» **Exercise brief**:
Starting with the line that contains "always stuck for", repeat exactly every line through the last one in the records below, and leave out the pictures.

» **Material provided**:
______
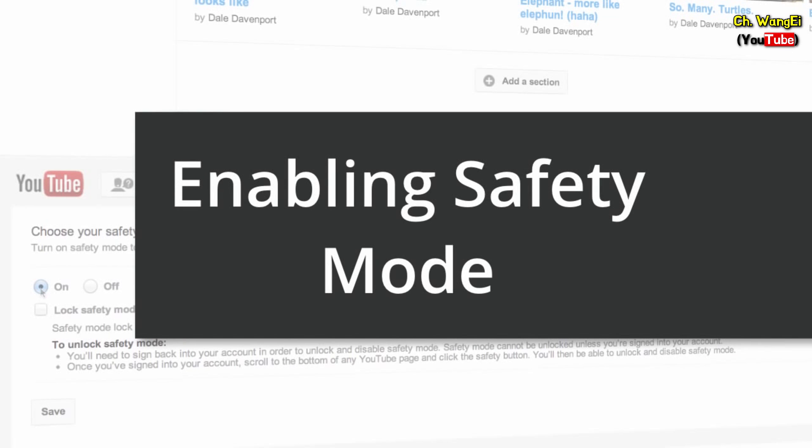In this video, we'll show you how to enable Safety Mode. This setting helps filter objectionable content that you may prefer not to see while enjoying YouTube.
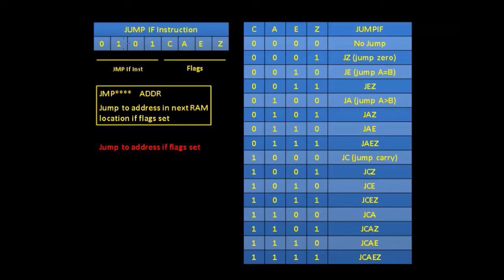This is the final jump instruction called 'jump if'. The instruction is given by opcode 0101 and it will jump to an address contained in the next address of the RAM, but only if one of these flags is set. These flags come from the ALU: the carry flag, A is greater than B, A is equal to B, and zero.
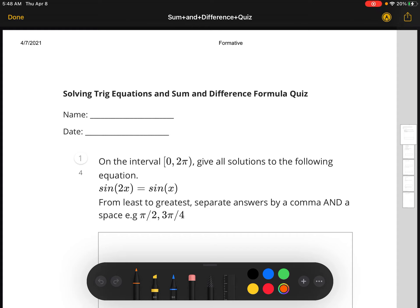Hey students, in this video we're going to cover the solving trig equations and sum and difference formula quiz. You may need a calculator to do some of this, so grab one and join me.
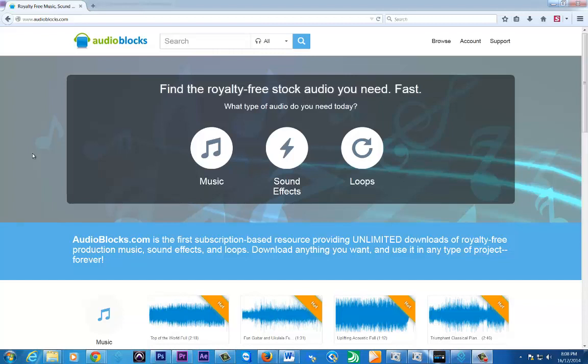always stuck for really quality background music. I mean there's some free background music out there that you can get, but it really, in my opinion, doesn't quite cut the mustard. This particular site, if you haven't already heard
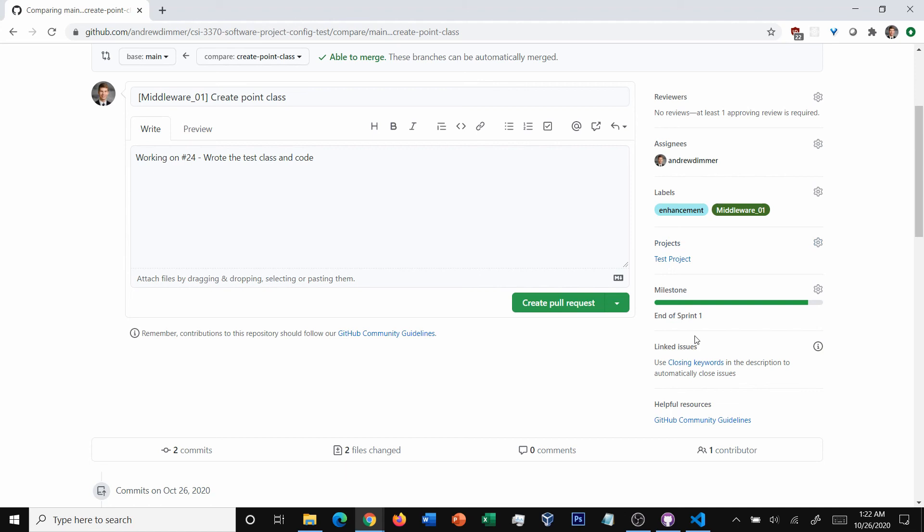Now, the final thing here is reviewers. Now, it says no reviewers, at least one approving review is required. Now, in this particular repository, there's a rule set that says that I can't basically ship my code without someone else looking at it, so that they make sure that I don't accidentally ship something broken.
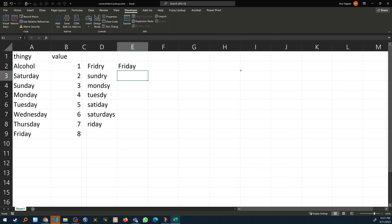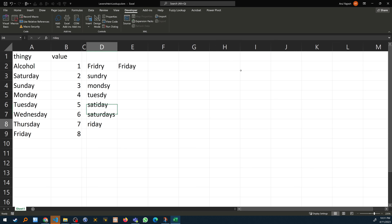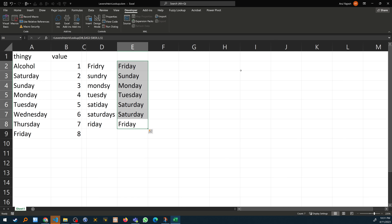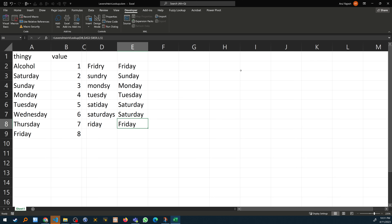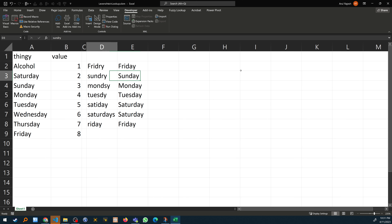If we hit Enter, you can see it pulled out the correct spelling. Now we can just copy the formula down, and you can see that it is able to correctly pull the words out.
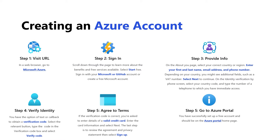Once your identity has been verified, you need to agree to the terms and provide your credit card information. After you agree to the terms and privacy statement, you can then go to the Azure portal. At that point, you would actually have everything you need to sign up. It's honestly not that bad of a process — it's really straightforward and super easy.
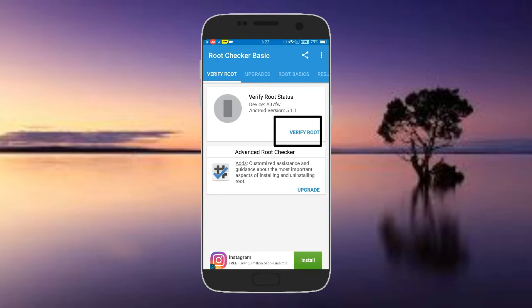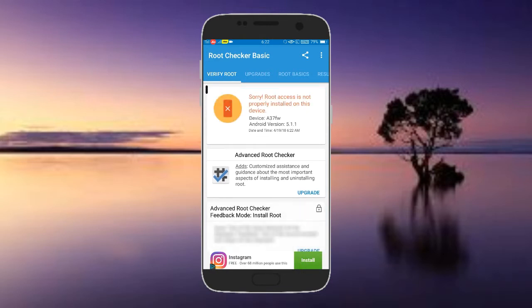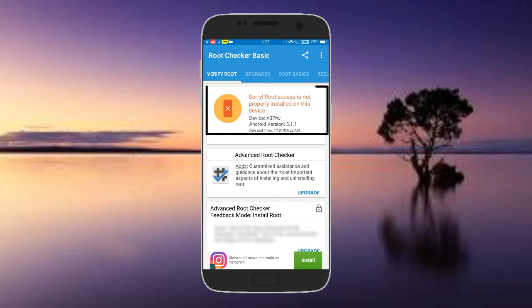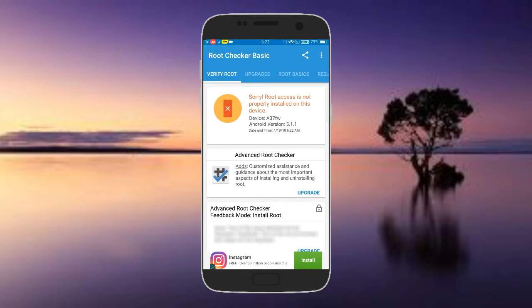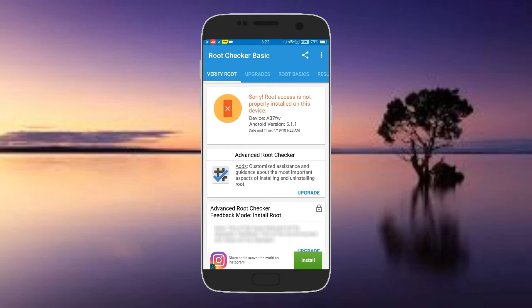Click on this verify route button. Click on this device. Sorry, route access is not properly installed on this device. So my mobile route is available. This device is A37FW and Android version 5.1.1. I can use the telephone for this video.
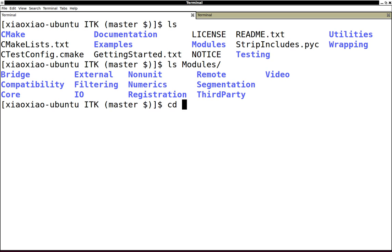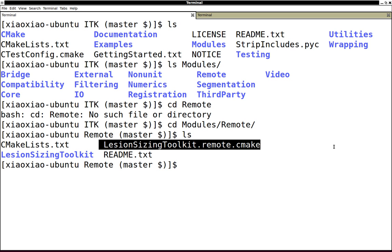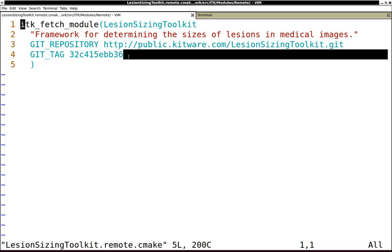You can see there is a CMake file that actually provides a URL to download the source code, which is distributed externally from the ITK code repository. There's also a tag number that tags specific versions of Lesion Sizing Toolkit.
______
» **Answer area**:
always stuck for really quality background music. I mean there's some free background music out there that you can get, but it really, in my opinion, doesn't quite cut the mustard. This particular site, if you haven't already heard
Now, the final thing here is reviewers. Now, it says no reviewers, at least one approving review is required. Now, in this particular repository, there's a rule set that says that I can't basically ship my code without someone else looking at it, so that they make sure that I don't accidentally ship something broken.
If we hit Enter, you can see it pulled out the correct spelling. Now we can just copy the formula down, and you can see that it is able to correctly pull the words out.
Once your identity has been verified, you need to agree to the terms and provide your credit card information. After you agree to the terms and privacy statement, you can then go to the Azure portal. At that point, you would actually have everything you need to sign up. It's honestly not that bad of a process — it's really straightforward and super easy.
Click on this verify route button. Click on this device. Sorry, route access is not properly installed on this device. So my mobile route is available. This device is A37FW and Android version 5.1.1. I can use the telephone for this video.
You can see there is a CMake file that actually provides a URL to download the source code, which is distributed externally from the ITK code repository. There's also a tag number that tags specific versions of Lesion Sizing Toolkit.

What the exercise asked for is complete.